Le accuse di discriminazione e clima tossico

La registrazione è stata allegata a una causa intentata da un ex dipendente del reparto cybersecurity, che sostiene di aver subito un licenziamento ritorsivo dopo aver segnalato la cattiva condotta del dirigente. L’ex dipendente ha denunciato anche commenti razzisti rivolti da Bally a colleghi indiani, descritti con insulti e termini dispregiativi.

Secondo la ricostruzione contenuta negli atti, l’uomo avrebbe chiesto di poter riferire tutto al reparto di Risorse Umane, ma la sua richiesta sarebbe stata ignorata. Nei mesi successivi sarebbe stato poi allontanato dall’azienda. Da qui la decisione di intraprendere un’azione legale per ottenere un risarcimento per danni morali, economici e stress.

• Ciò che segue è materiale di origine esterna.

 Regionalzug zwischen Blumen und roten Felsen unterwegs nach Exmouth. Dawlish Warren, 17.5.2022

La risposta di Campbell’s: licenziamento immediato e smentite sugli ingredienti

Di fronte all’esplosione del caso, Campbell’s ha tagliato rapidamente i ponti con il dirigente, comunicando pubblicamente che Martin Bally non lavora più per l’azienda. Il gruppo ha definito le sue affermazioni “oscene, offensive e false” e si è dichiarato distante sia dal linguaggio utilizzato che dalle insinuazioni sulla qualità dei prodotti.

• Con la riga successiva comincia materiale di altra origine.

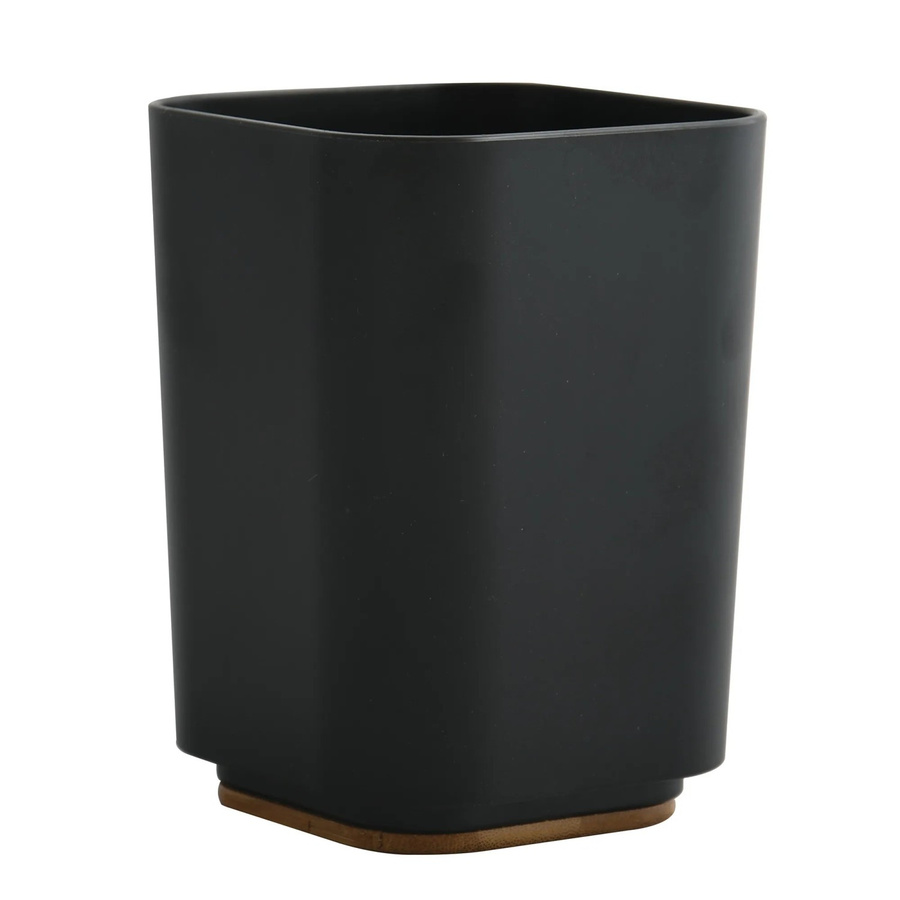 MSV Zahnputzbecher Kamla aus Polystyrol und Bambus in Schwarz, B/T/H: 7,9 x 7,9 x 11,1 cm - Bild 2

In una nota ufficiale, Campbell’s ha ribadito che il pollo utilizzato nelle sue zuppe proviene da fornitori statunitensi approvati dalle autorità sanitarie e che non viene utilizzata carne stampata in 3D, né ingredienti bioingegnerizzati. Il CEO Mark A. Clouse ha definito le dichiarazioni dell’ex dirigente “ridicole e imbarazzanti”, sottolineando che non rappresentano in alcun modo i valori del gruppo:

“I commenti erano volgari, offensivi e falsi e ci scusiamo per il danno che hanno causato. Questo comportamento non riflette i nostri valori e la cultura della nostra azienda e non tollereremo questo tipo di linguaggio in nessuna circostanza”.

Le possibili ripercussioni sul fronte legale e reputazionale

Lo scandalo arriva mentre Campbell’s cerca, ormai da anni, di riposizionarsi sul mercato con un ampliamento dell’offerta oltre le zuppe tradizionali e investimenti in prodotti più moderni. La tempesta mediatica in corso rischia però di minare la fiducia dei consumatori proprio sul terreno più sensibile: la qualità degli ingredienti.

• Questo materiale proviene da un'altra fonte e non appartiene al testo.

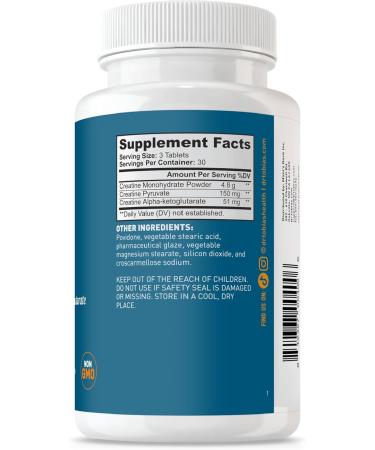 Dr. Tobias Creatine Monohydrate Pills | 5g Complex with Creatine Alpha-Ketoglutarate & Pyruvate | Muscle Strength Energy & Recovery | 90 Tablets - Buy Online on GoSupps.com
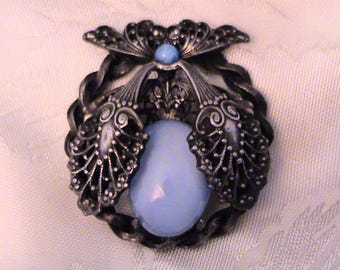 Vintage Component Finding Light Blue Glass Moonstone & Dark Silver Tone Metal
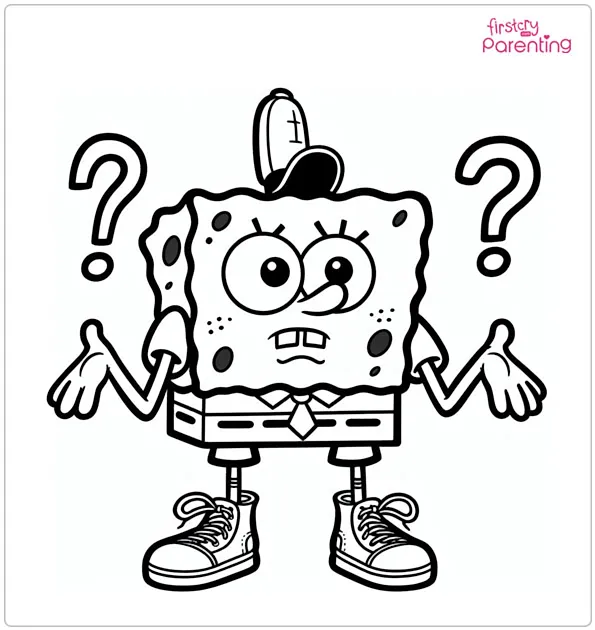 Confused Sponge Bob Coloring Page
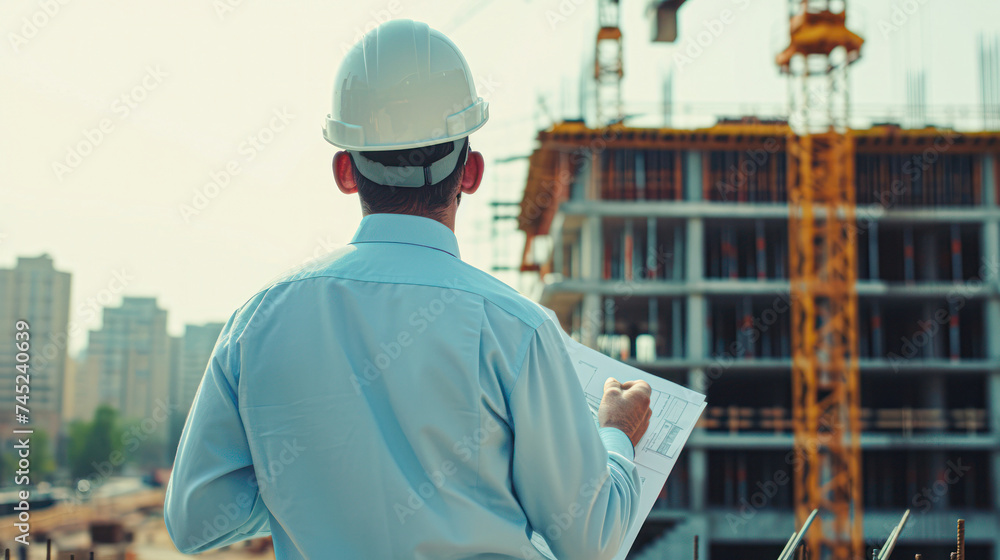 Architect reviewing blueprints at a construction site with cranes and building structures in the background. Architect reviewing blueprints at a construction site with cranes and building structures in the background.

La diffusione dell’audio ha inoltre aperto un dibattito sul clima aziendale. Il fatto che un dirigente di alto profilo si esprimesse in questi termini durante una riunione privata, poi registrata dal dipendente, fa emergere interrogativi sul controllo interno e sulle dinamiche di potere nel gruppo.

La causa intentata dall’ex dipendente potrebbe trasformarsi così in un caso simbolo per la tutela dei lavoratori contro comportamenti discriminatori e ritorsivi. Se un tribunale dovesse accertare che il licenziamento sia stato una rappresaglia per aver denunciato comportamenti inappropriati, Campbell’s rischierebbe non solo un danno economico, ma soprattutto reputazionale.

Per ora, l’azienda cerca di contenere gli effetti della bufera ribadendo trasparenza e qualità dei prodotti. Ma per riconquistare la fiducia dei consumatori potrebbe non bastare. La vicenda ha messo in luce quanto sia fragile l’immagine di un brand, anche se costruito in oltre un secolo di storia e nonostante abbia fatto da “musa” per numerosi quadri di Andy Warhol.